Still crashing, here's the backtrace:
ld: /home/nikic/llvm-project/llvm/include/llvm/Support/Casting.h:104: static bool llvm::isa_impl_cl<To, const From*>::doit(const From*) [with To = llvm::Constant; From = llvm::Value]: Assertion `Val && "isa<> used on a null pointer"' failed. Thread 2.1 "ld" received signal SIGABRT, Aborted. [Switching to Thread 0x7ffff7c2e100 (LWP 388814)] __GI_raise (sig=sig@entry=6) at ../sysdeps/unix/sysv/linux/raise.c:50 50 ../sysdeps/unix/sysv/linux/raise.c: No such file or directory. (gdb) bt #0 __GI_raise (sig=sig@entry=6) at ../sysdeps/unix/sysv/linux/raise.c:50 #1 0x00007ffff7c70859 in __GI_abort () at abort.c:79 #2 0x00007ffff7c70729 in __assert_fail_base ( fmt=0x7ffff7e06588 "%s%s%s:%u: %s%sAssertion `%s' failed.\n%n", assertion=0x7ffff49afba0 "Val && \"isa<> used on a null pointer\"", file=0x7ffff49afaa0 "/home/nikic/llvm-project/llvm/include/llvm/Support/Casting.h", line=104, function=<optimized out>) at assert.c:92 #3 0x00007ffff7c81f36 in __GI___assert_fail ( assertion=0x7ffff49afba0 "Val && \"isa<> used on a null pointer\"", file=0x7ffff49afaa0 "/home/nikic/llvm-project/llvm/include/llvm/Support/Casting.h", line=104, function=0x7ffff49afb28 "static bool llvm::isa_impl_cl<To, const From*>::doit(const From*) [with To = llvm::Constant; From = llvm::Value]") at assert.c:101 #4 0x00007ffff1669db7 in llvm::cast_retty<llvm::Constant, llvm::Value*>::ret_type llvm::dyn_cast<llvm::Constant, llvm::Value>(llvm::Value*) () from /home/nikic/llvm-project/build/bin/../lib/LLVMgold.so #5 0x00007ffff43120d9 in SimplifyICmpInst(unsigned int, llvm::Value*, llvm::Value*, llvm::SimplifyQuery const&, unsigned int) () from /home/nikic/llvm-project/build/bin/../lib/LLVMgold.so #6 0x00007ffff3a563d3 in canProveExitOnFirstIteration(llvm::Loop*, llvm::DominatorTree&, llvm::LoopInfo&) () from /home/nikic/llvm-project/build/bin/../lib/LLVMgold.so
It looks like the LHS argument to SimplifyICmpInst is null. I suspect this may be due to reference invalidation, commented inline.
llvm/lib/Transforms/Scalar/LoopDeletion.cpp | ||
---|---|---|
302 | This acquired a reference to FirstIterValue[&PN], then calls getValueOnFirstIteration() which may invalidate it and then writes to it. |
llvm/lib/Transforms/Scalar/LoopDeletion.cpp | ||
---|---|---|
302 | Wow, that's fishy! Thanks! |
Compile-time with the reference invalidation issue fixed: https://llvm-compile-time-tracker.com/compare.php?from=b5c4fc0f232b6368bbd7cd8681a6931f2c30ad02&to=9bb9b602fd58e6fdd353cdfedec56980a40230c1&stat=instructions Impact is small and without outliers.
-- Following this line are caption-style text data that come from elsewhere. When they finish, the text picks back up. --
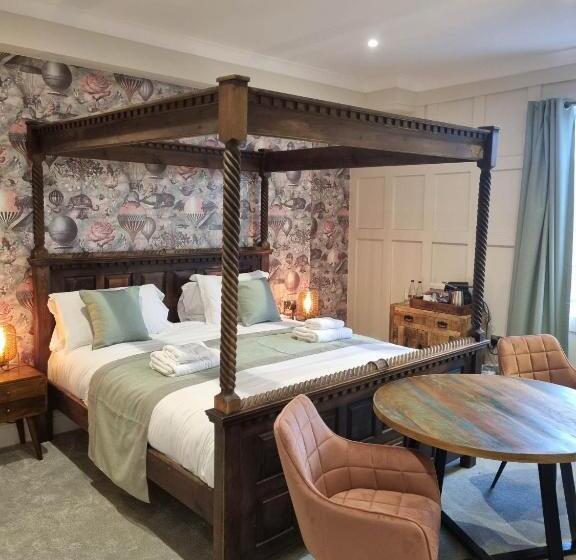 חדר סטנדרט, The Resolution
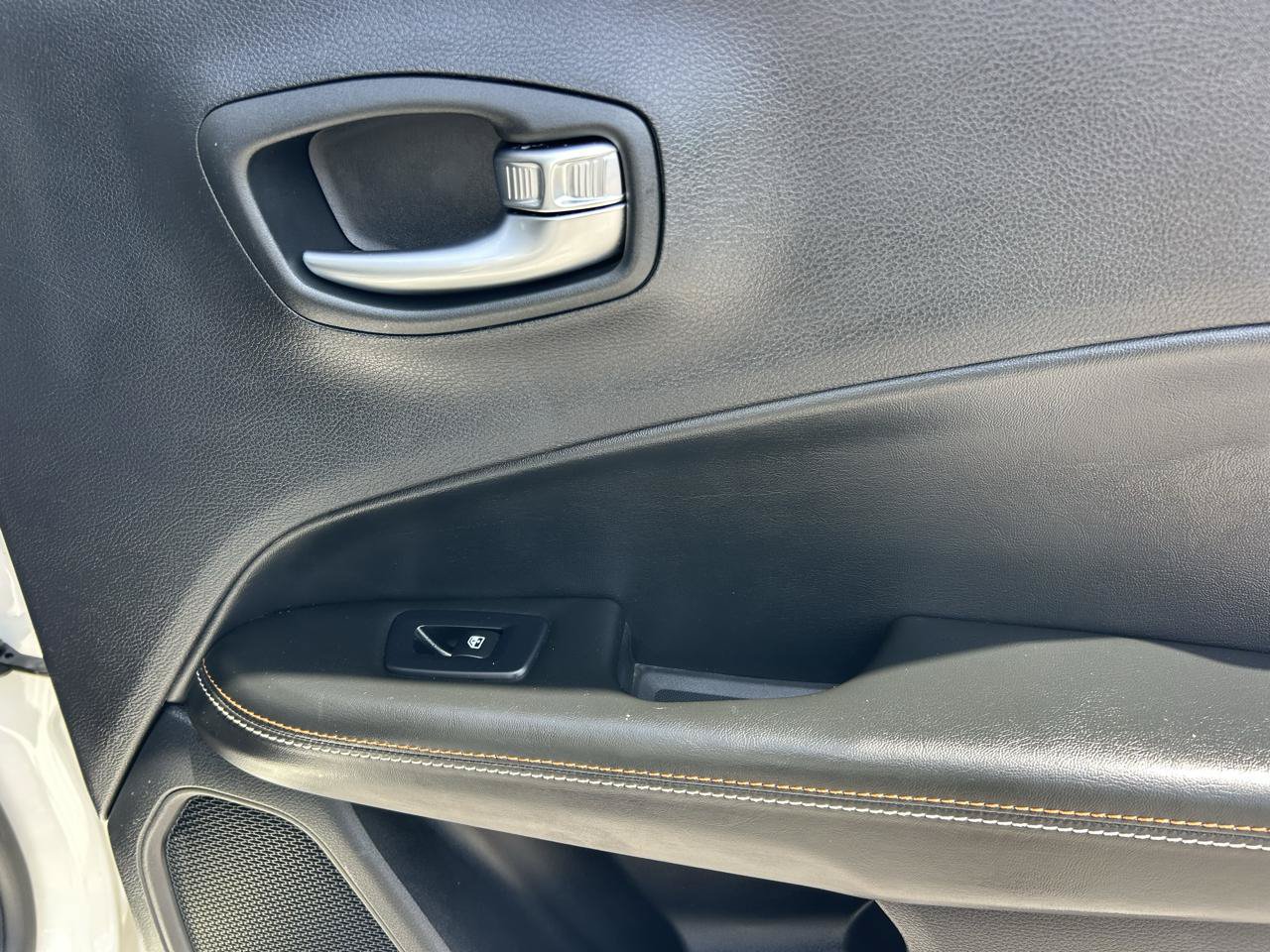 Used 2018 Jeep Compass Latitude w/ Popular Equipment Group FWD image 12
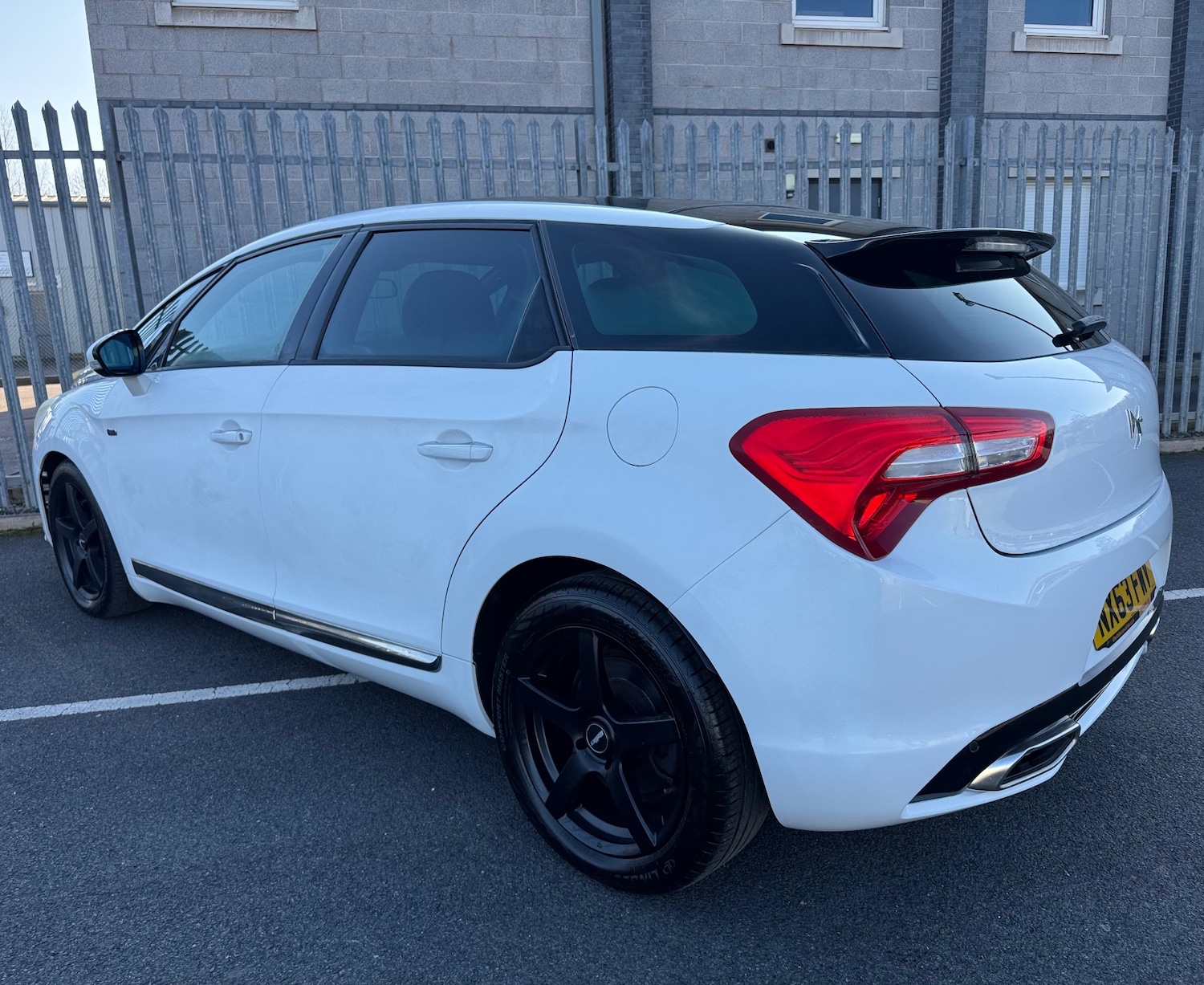 Used Citroen DS5 2013 for sale - 77797305: Photo 4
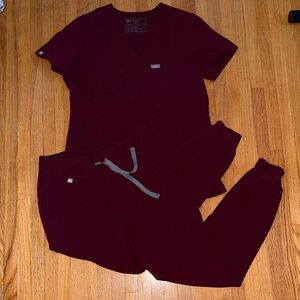 Figs Burgundy Scrub Set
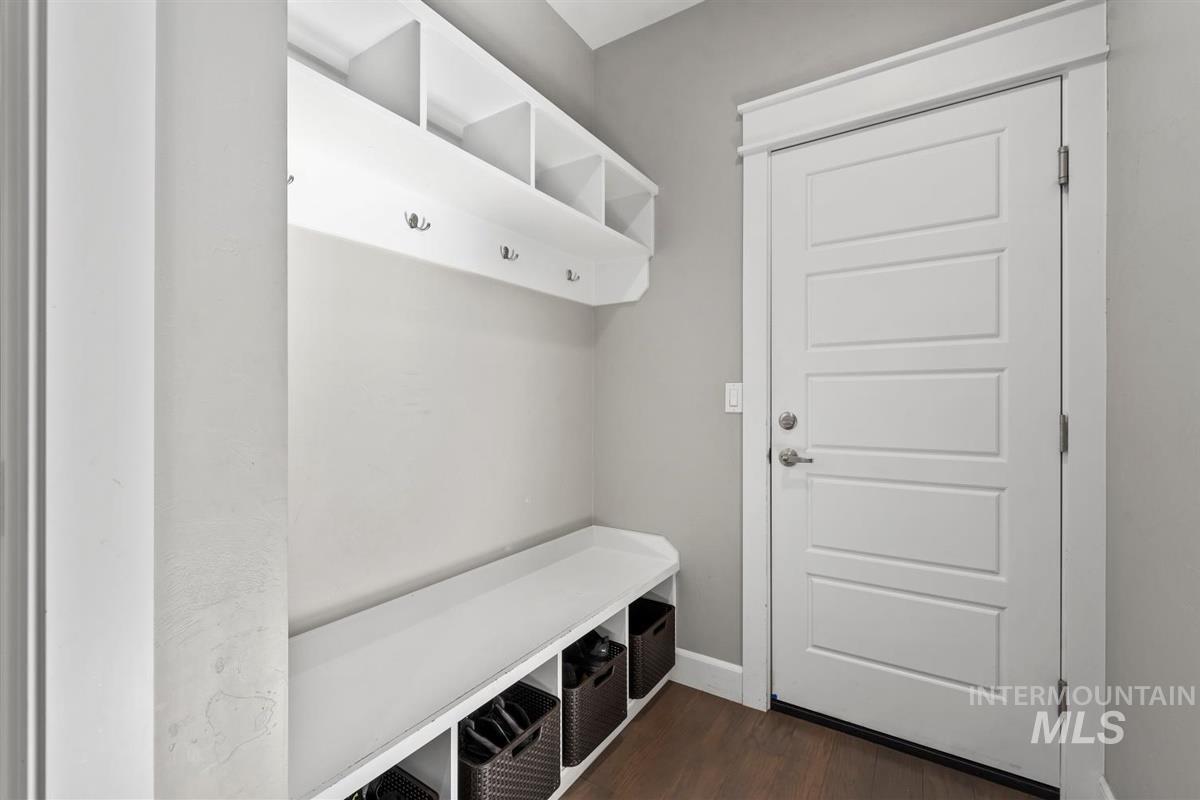 2768 S Trailwood Way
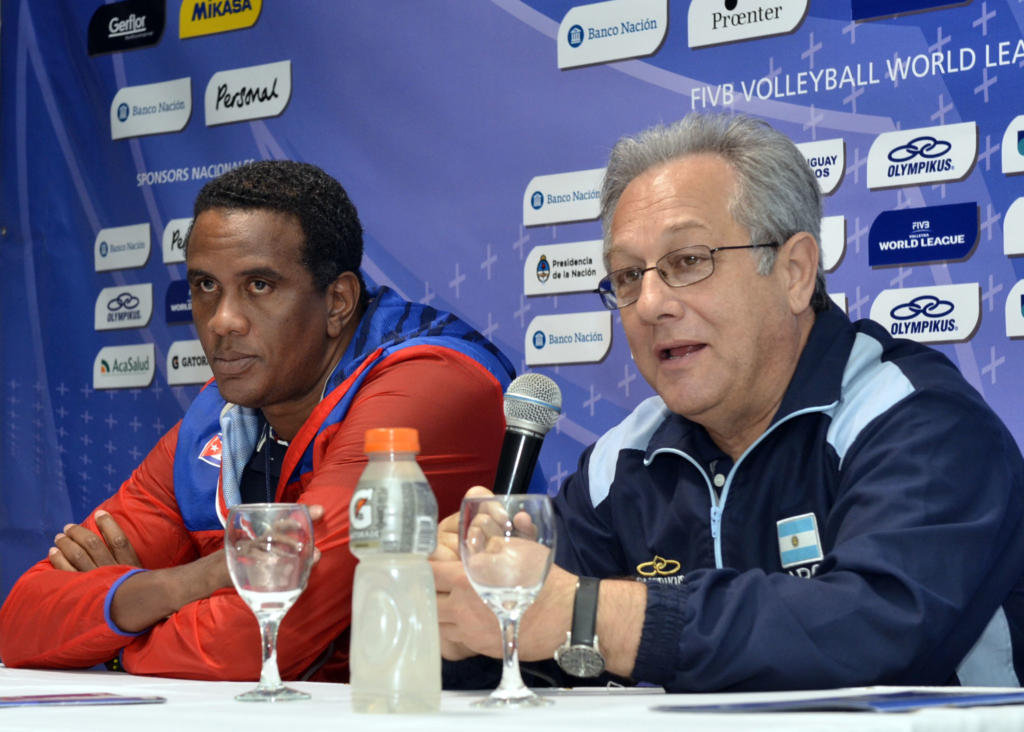 El DT cubano Rodolfo Sánchez junto a Velasco en la conferencia de prensa. 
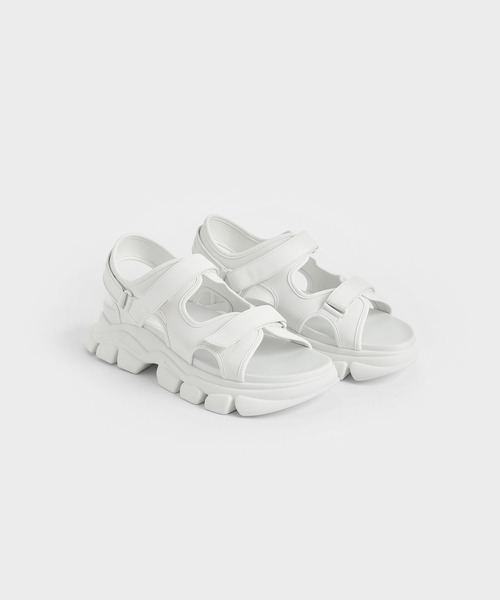 CHARLES & KEITH（チャールズ & キース）の「チャンキースポーツサンダル / Chunky Sports Sandals（スニーカー・レディース・ベージュ/ブラック/ホワイト・22.5cm/23cm/23.5cm/24.5cm/25cm/25.5cm）」の5枚目の写真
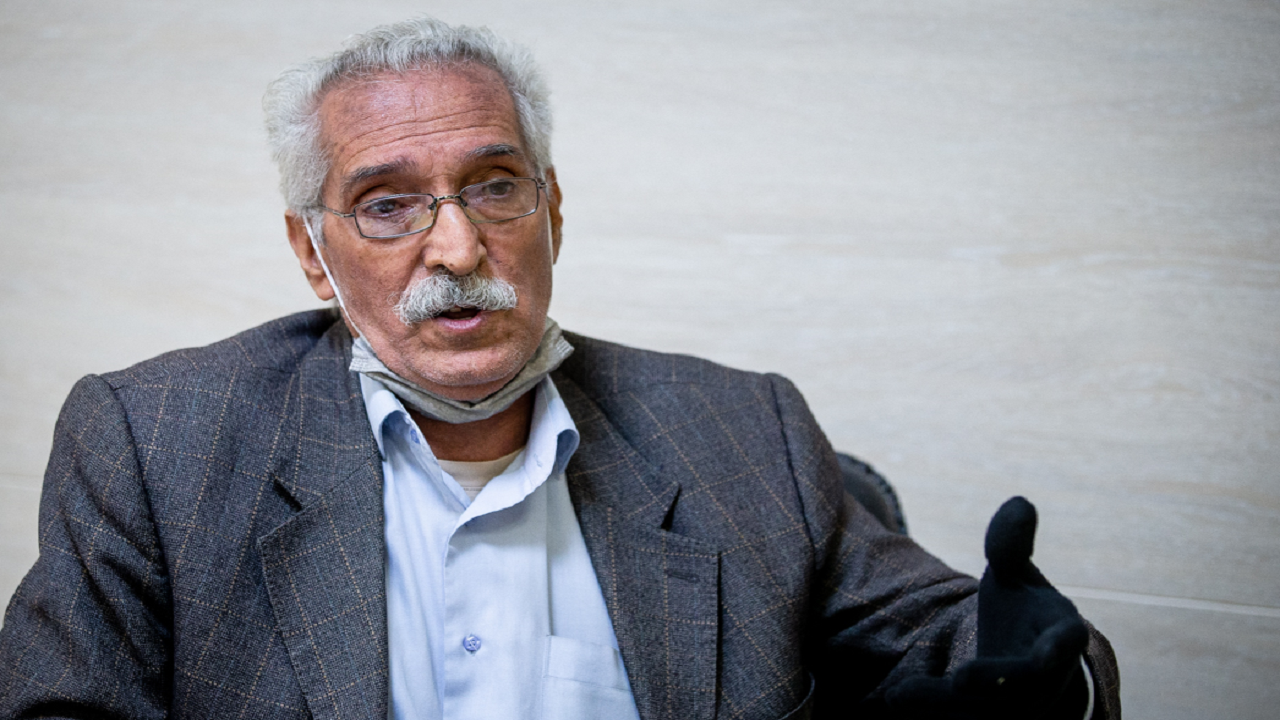 راننده تاکسی که ۴۰ سال است تصادف نکرده/ از پیداکردن کیف میلیاردی تا برگرداندن پول جهیزیه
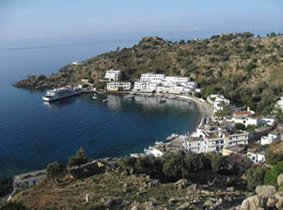 Vue d'ensemble du village de Loutro et sa crique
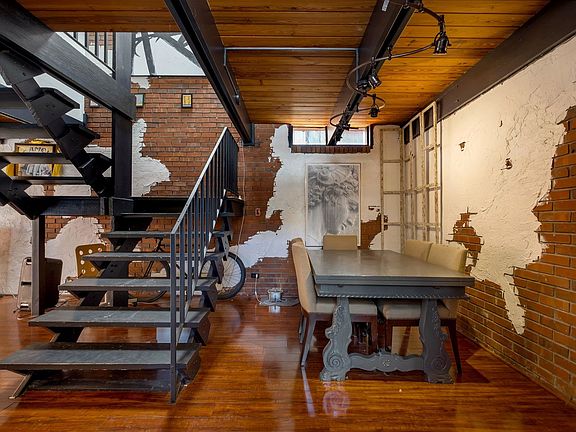 4th image of 220 Belmont Rd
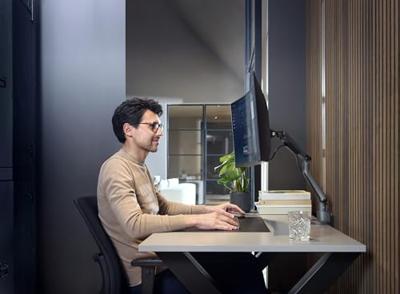 OneForAll DM 7110 Universele enkele monitorarm Monitorarm Zwart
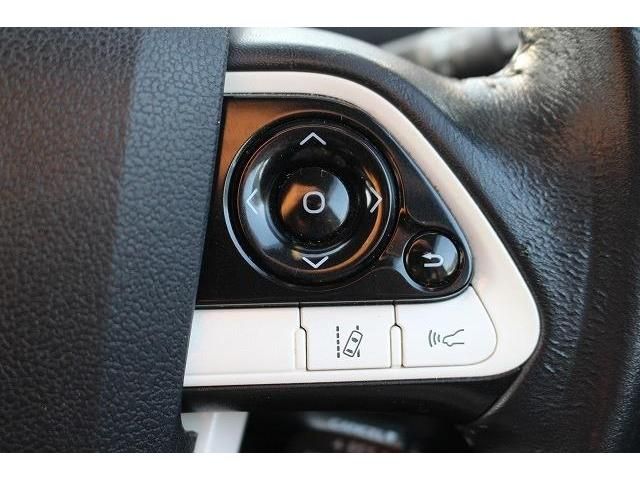 Toyota PRIUS 2016-03 193135-4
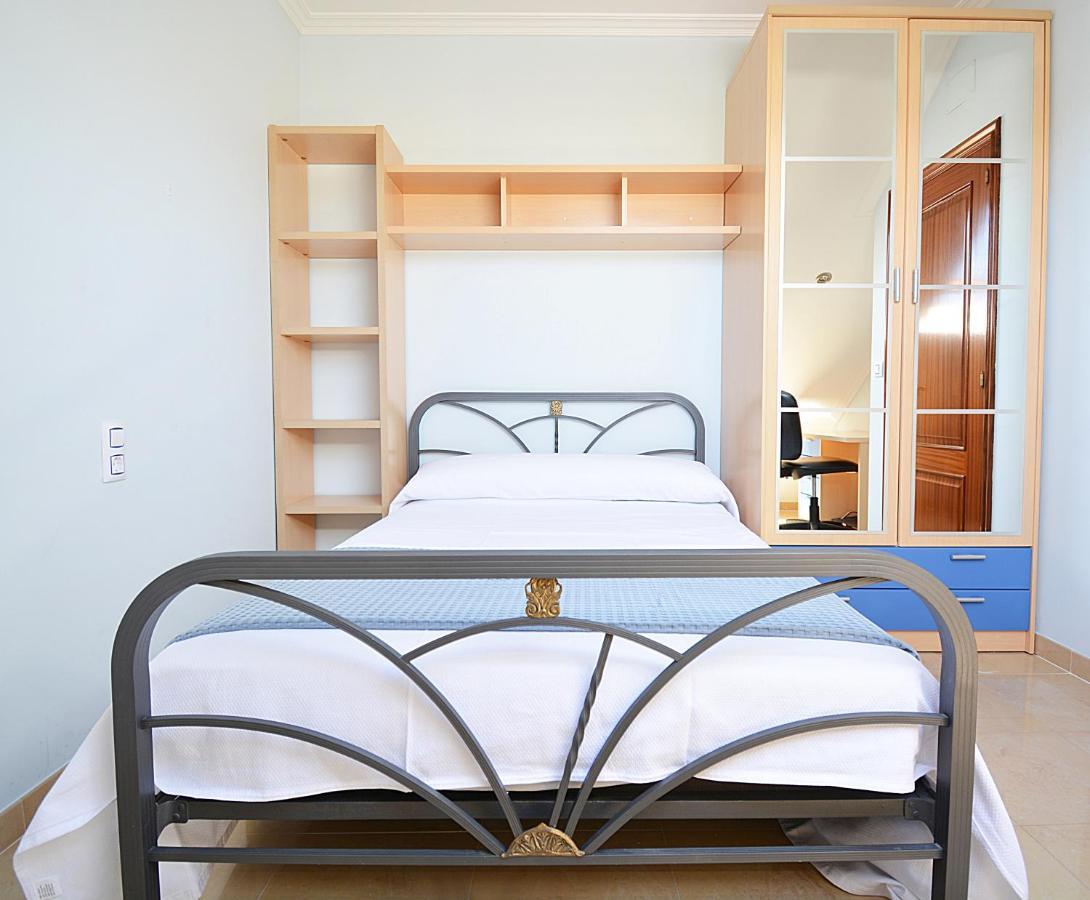 Galihost - Casa Con Precioso Jardin En Vilanova De Arousa Ngoại thất bức ảnh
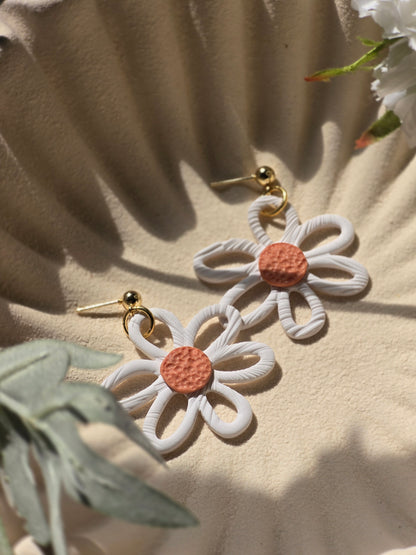 Large daisy dangles|can be switched to silver/fish hook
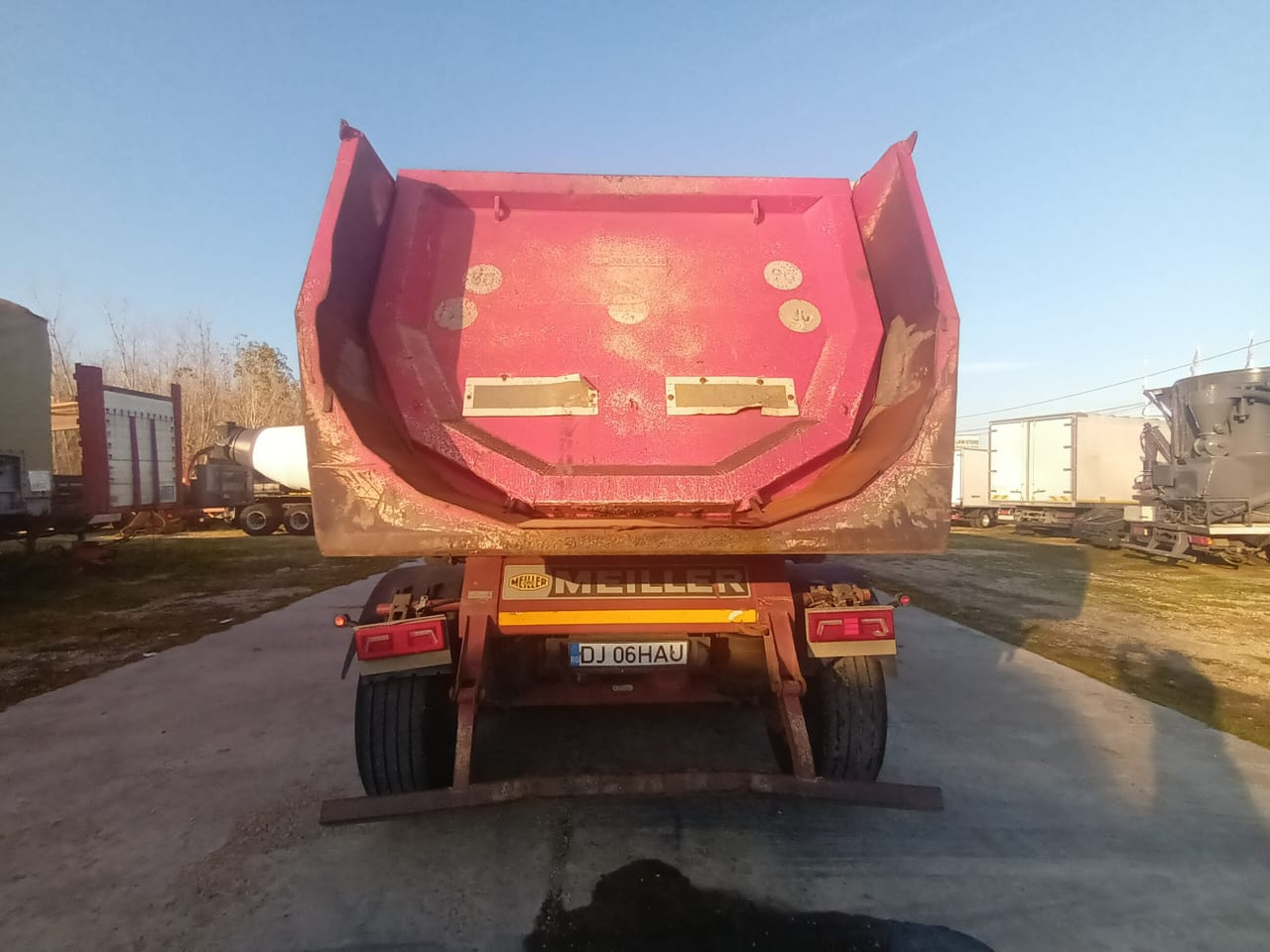 Tractor Head Mercedes-Benz Actros (2014) + Semi-trailer Tipper Meiller – Kipper (2004) - Влекач: снимка 3 Tractor Head Mercedes-Benz Actros (2014) + Semi-trailer Tipper Meiller – Kipper (2004) - Влекач: снимка 3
I think this is as cheap as it gets :)
I was able to catch this bug on our Fuzzer tests, and the fix in the last revision helped.
So, can we go with it now? There is one more CT opportunity here, which is replace of eager phi values propagation with lazy. But last time I tried it it crashed, so I'd prefer it to be a separate patch.
LGTM
llvm/lib/Transforms/Scalar/LoopDeletion.cpp | ||
---|---|---|
190 | Simple dyn_cast<BinaryOperator> seems simpler than going through PatternMatch here? |
Legit clang-tidy warning: If you have a long chain of adds, this is going to blow the stack. Should probably use worklist?